> EXERCISE DESCRIPTION:
Drop the images; return everything else in the listing below exactly.

━━━━━━

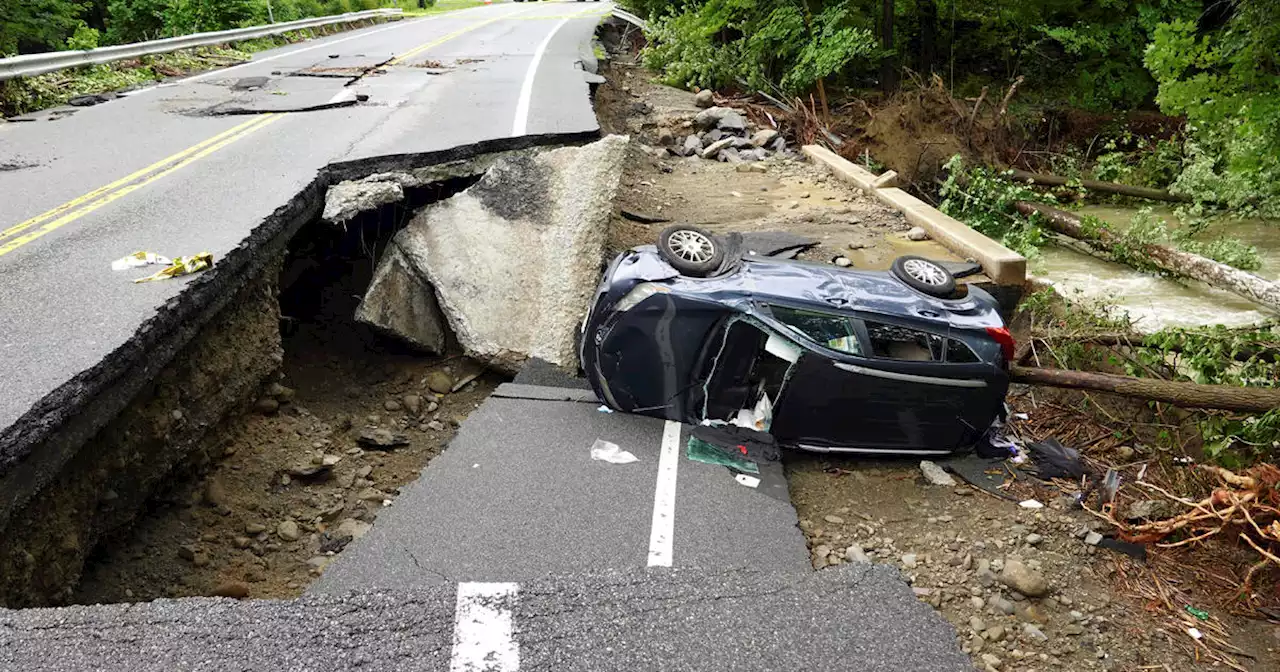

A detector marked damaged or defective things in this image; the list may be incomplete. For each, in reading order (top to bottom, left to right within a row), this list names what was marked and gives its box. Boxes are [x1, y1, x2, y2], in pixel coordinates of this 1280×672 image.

overturned car [586, 225, 1013, 455]
shattered car window [762, 304, 865, 353]
shattered car window [865, 321, 947, 360]
shattered car window [952, 337, 977, 363]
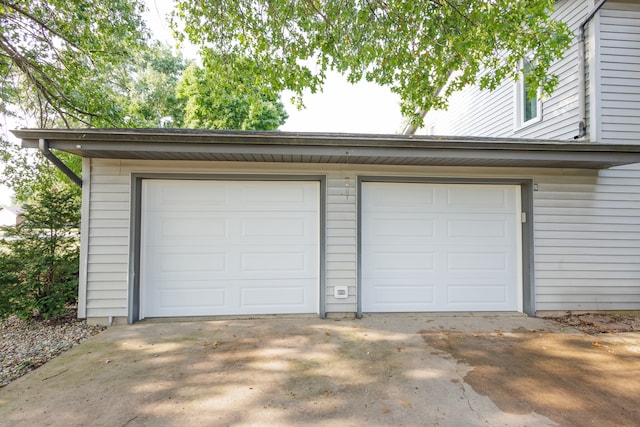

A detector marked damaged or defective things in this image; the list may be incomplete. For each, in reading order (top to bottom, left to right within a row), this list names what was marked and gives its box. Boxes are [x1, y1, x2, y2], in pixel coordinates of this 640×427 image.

cracked concrete slab [2, 314, 636, 427]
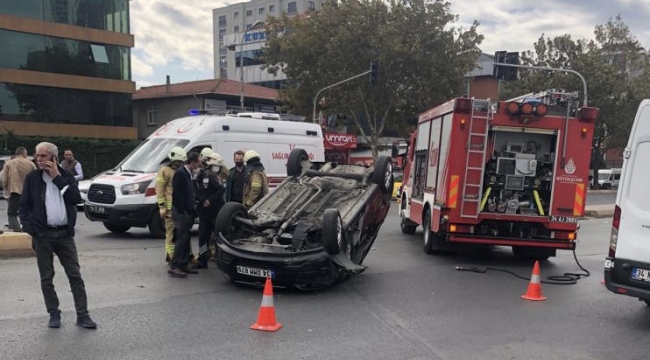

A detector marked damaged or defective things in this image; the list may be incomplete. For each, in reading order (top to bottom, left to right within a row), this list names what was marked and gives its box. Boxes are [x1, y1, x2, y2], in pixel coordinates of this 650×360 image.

overturned car [215, 148, 392, 292]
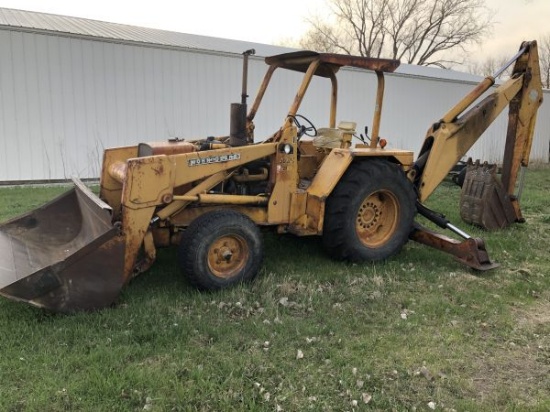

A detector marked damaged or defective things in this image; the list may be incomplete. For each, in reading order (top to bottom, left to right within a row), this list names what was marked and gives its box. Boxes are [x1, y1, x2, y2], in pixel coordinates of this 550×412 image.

rusty metal [462, 159, 516, 229]
rusty metal [0, 178, 125, 312]
rusty metal [410, 222, 500, 270]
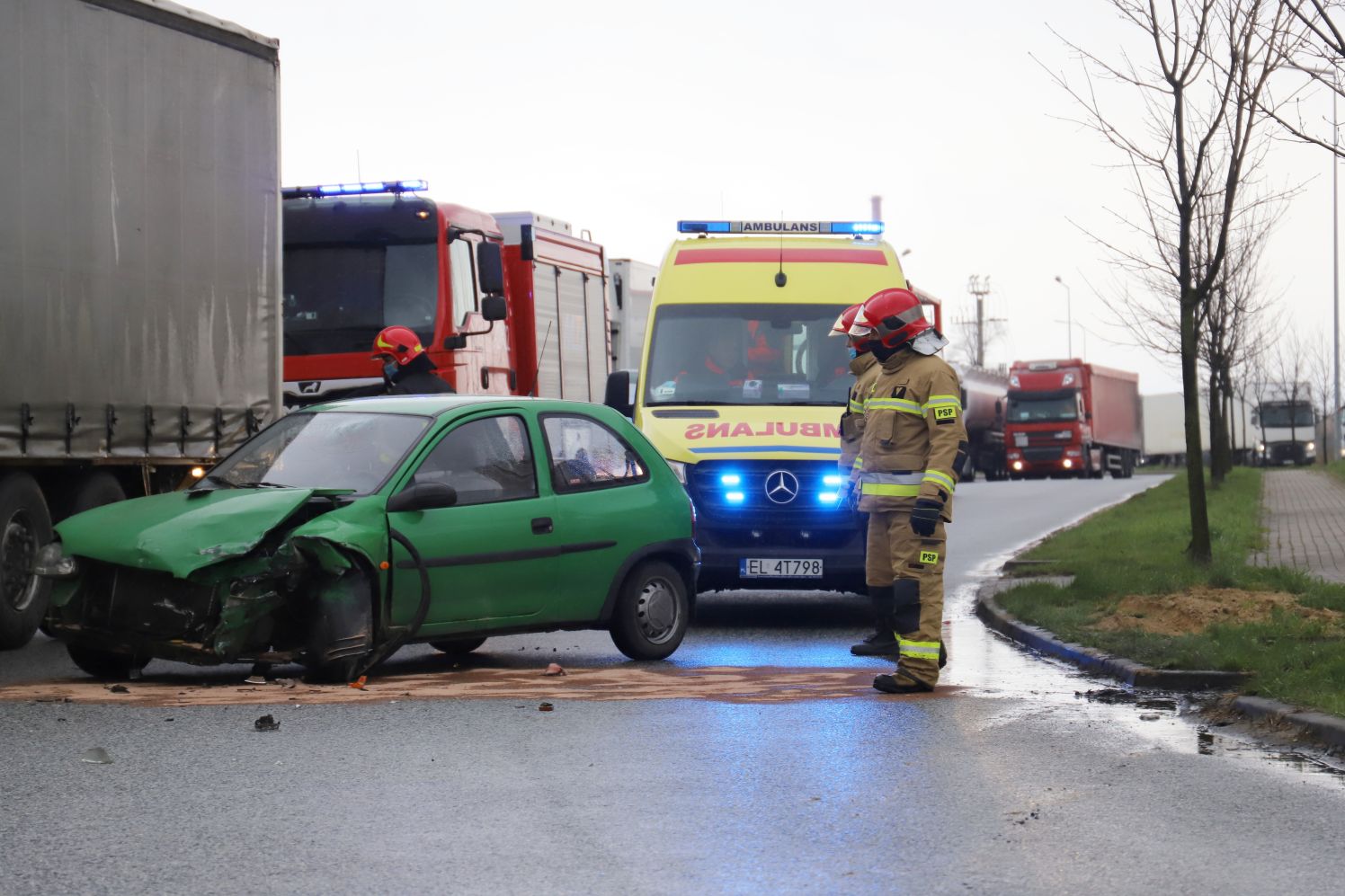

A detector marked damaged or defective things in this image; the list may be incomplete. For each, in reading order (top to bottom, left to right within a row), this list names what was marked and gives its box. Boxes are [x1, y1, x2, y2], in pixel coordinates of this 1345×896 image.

crushed car hood [56, 483, 325, 575]
green damaged car [36, 395, 699, 680]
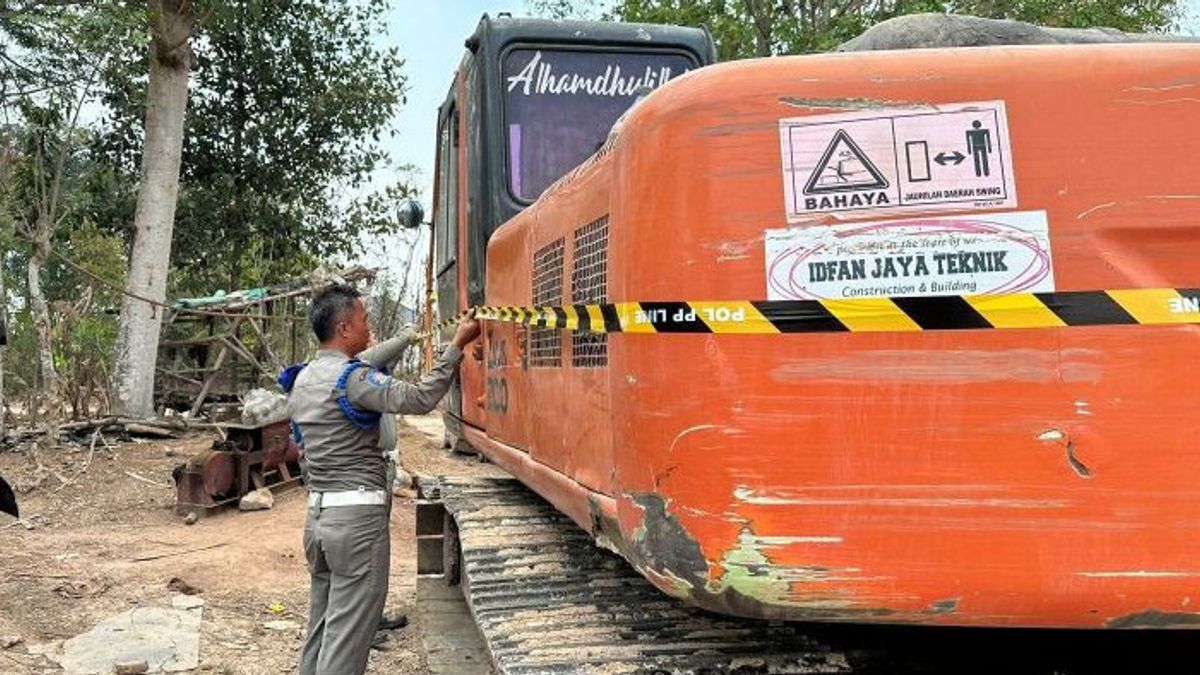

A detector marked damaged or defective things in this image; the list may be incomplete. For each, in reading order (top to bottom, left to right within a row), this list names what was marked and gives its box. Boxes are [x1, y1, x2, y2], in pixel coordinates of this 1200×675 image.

rusty machine on ground [408, 10, 1200, 672]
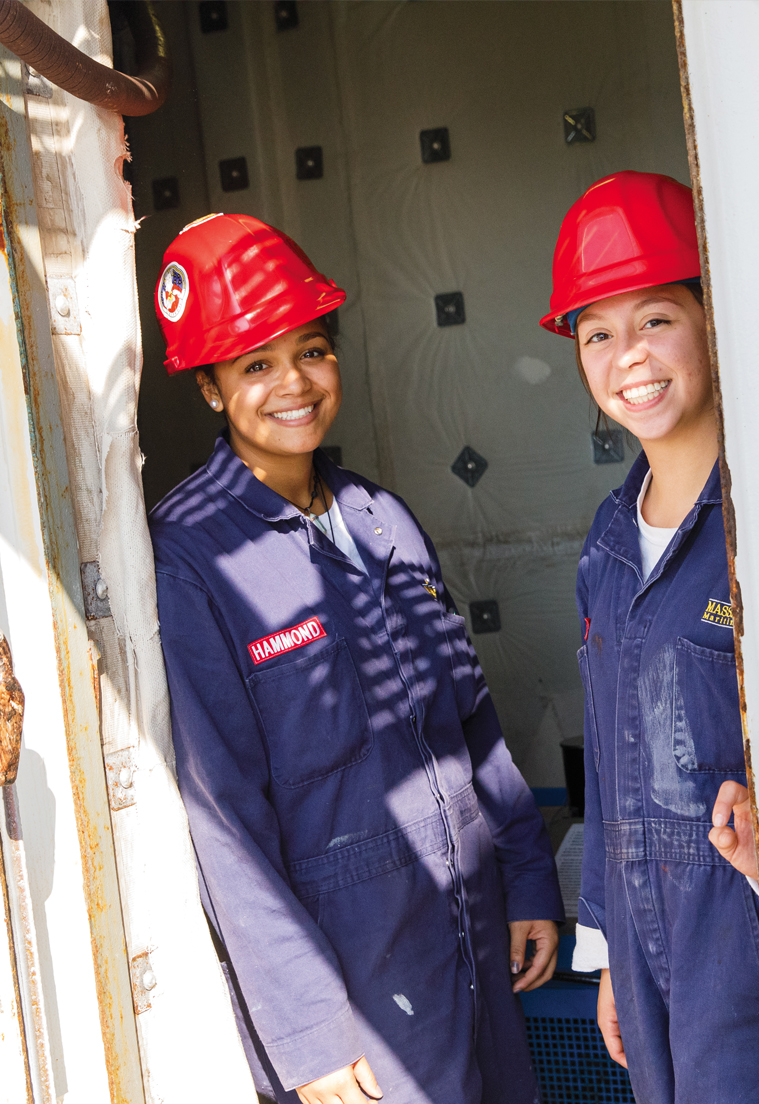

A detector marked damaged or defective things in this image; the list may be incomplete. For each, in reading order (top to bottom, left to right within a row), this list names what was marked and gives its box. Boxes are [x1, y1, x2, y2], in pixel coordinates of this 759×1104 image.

rust stain [675, 0, 759, 861]
chipped white paint [390, 993, 414, 1015]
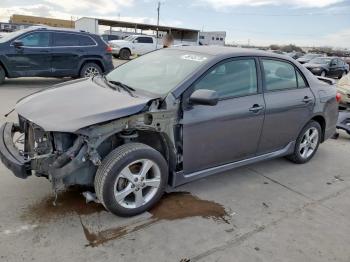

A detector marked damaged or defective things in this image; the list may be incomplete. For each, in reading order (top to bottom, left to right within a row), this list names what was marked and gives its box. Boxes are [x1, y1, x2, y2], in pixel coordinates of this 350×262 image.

missing front bumper [0, 122, 30, 179]
crumpled hood [15, 77, 153, 132]
front end damage [0, 102, 179, 192]
damaged toyota corolla [0, 47, 340, 217]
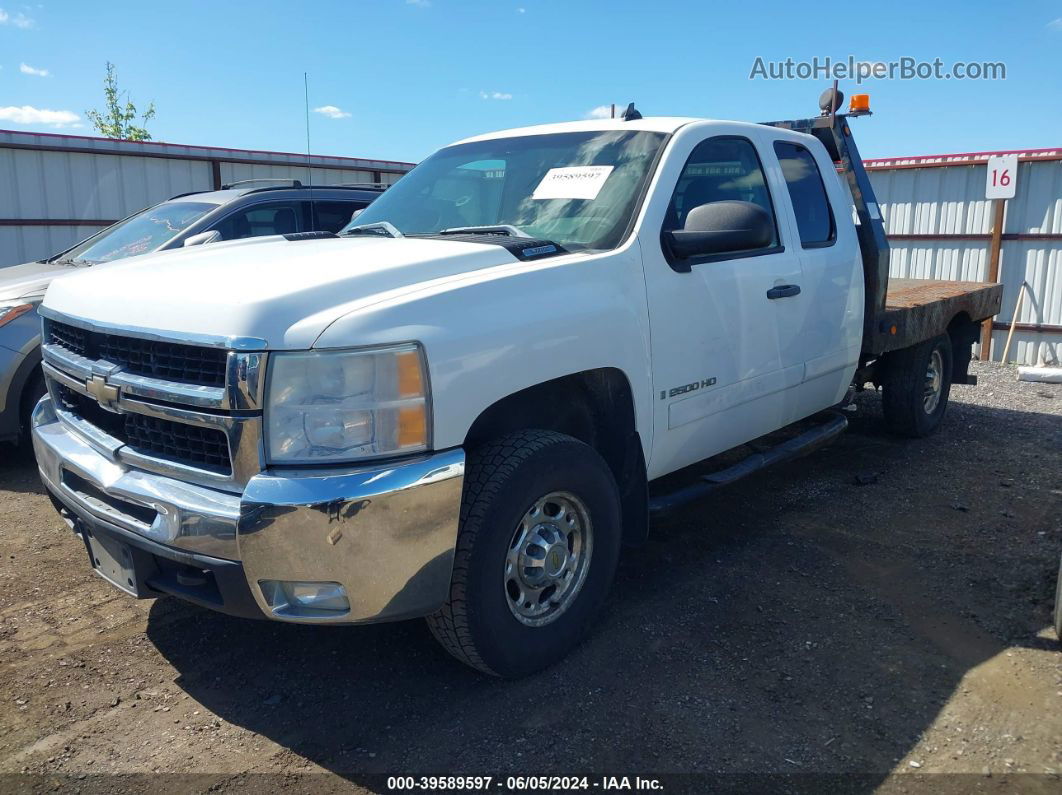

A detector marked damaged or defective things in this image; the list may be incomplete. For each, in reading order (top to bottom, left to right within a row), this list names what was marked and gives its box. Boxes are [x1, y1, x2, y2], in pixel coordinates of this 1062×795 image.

dent on bumper [34, 394, 466, 624]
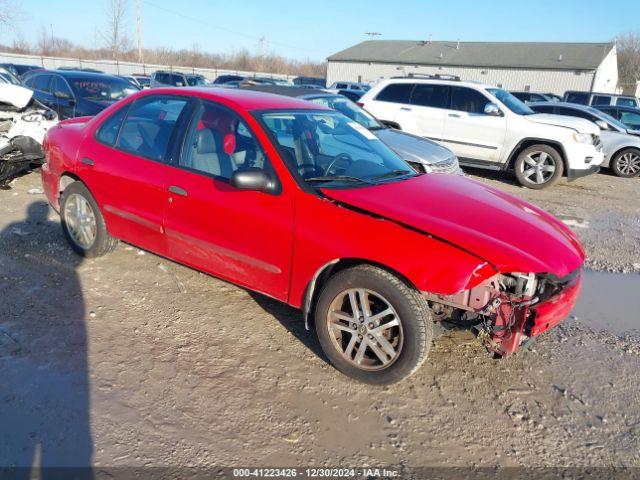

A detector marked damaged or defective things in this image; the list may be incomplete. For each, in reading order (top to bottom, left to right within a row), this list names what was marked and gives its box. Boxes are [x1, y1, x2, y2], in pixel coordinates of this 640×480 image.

damaged white car [0, 84, 58, 186]
damaged front end of car [0, 83, 58, 187]
damaged front end of car [422, 270, 584, 356]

━━━━━━

> EXERCISE OUTPUT:
A detector marked damaged or defective things in this image; the list may be incomplete. For each, in reading order (top to bottom, left to right within a row), this list names what was marked and gives its box. Boxes are [x1, y1, x2, y2], in pixel coordinates of this 1280×672 image.

overturned car [586, 225, 1013, 455]
shattered car window [762, 304, 865, 353]
shattered car window [865, 321, 947, 360]
shattered car window [952, 337, 977, 363]

A detector marked damaged or defective things in this image; the list may be incomplete. For each, in reading order (top to bottom, left to right within a row), this list names what was marked and gives its box. Boxes are [x1, y1, x2, y2], in pixel coordinates of this 640×427 image.

cracked concrete slab [2, 314, 636, 427]

A detector marked damaged or defective things in this image; the list may be incomplete. For each, in reading order (top to bottom, left to right within a row), this list names what was marked and gives its box. Boxes are [x1, y1, x2, y2], in pixel coordinates of this 650×360 image.

overturned car [215, 148, 392, 292]

A detector marked damaged or defective things in this image; the list may be incomplete. For each, in reading order (top to bottom, left to right within a row), this list names what was marked and gives its box. Boxes are [x1, y1, x2, y2], in pixel coordinates of this 550×412 image.

rusty metal [462, 159, 516, 229]
rusty metal [0, 178, 125, 312]
rusty metal [410, 222, 500, 270]

A detector marked damaged or defective things in this image; the list may be incomplete. For each, in reading order (top to bottom, left to right within a row), this list names what was marked and gives its box. Boxes are [x1, y1, x2, y2], in pixel coordinates of this 1345×896 image.

crushed car hood [56, 483, 325, 575]
green damaged car [36, 395, 699, 680]

A detector marked damaged or defective things in this image; the list may be incomplete. For each, in reading order (top to bottom, left to right within a row), this list names what was marked and gives its box. Boxes are [x1, y1, x2, y2], in pixel coordinates of this 1200×675 image.

rusty machine on ground [408, 10, 1200, 672]

A detector marked damaged or defective things in this image; the list may be incomplete. For each, in reading order (top to bottom, left to right within a row), this list names what was marked and gives its box. Boxes are [x1, y1, x2, y2], in pixel coordinates of this 759×1104 image.

rust stain [675, 0, 759, 861]
chipped white paint [390, 993, 414, 1015]

A detector marked damaged or defective things in this image; the list may be incomplete. For each, in reading order (top to bottom, left to right within a row), this list names what was marked and gives its box. Boxes are [x1, y1, x2, y2], in pixel coordinates of this 350×262 image.

missing front bumper [0, 122, 30, 179]
crumpled hood [15, 77, 153, 132]
front end damage [0, 102, 179, 192]
damaged toyota corolla [0, 47, 340, 217]

A detector marked damaged or defective things in this image; the list may be incomplete. For each, in reading order (top to bottom, left to right within a row), this list names what was marked and gives its box. Boxes are [x1, y1, x2, y2], in pixel coordinates of this 1062×795 image.

dent on bumper [34, 394, 466, 624]

A detector marked damaged or defective things in this image; the list may be incomplete. For each, in reading order (top to bottom, left to right within a row), this list names what was marked and gives its box. Boxes are [x1, y1, x2, y2], in pixel coordinates of this 640×480 image.

damaged white car [0, 84, 58, 186]
damaged front end of car [0, 83, 58, 187]
damaged front end of car [422, 270, 584, 356]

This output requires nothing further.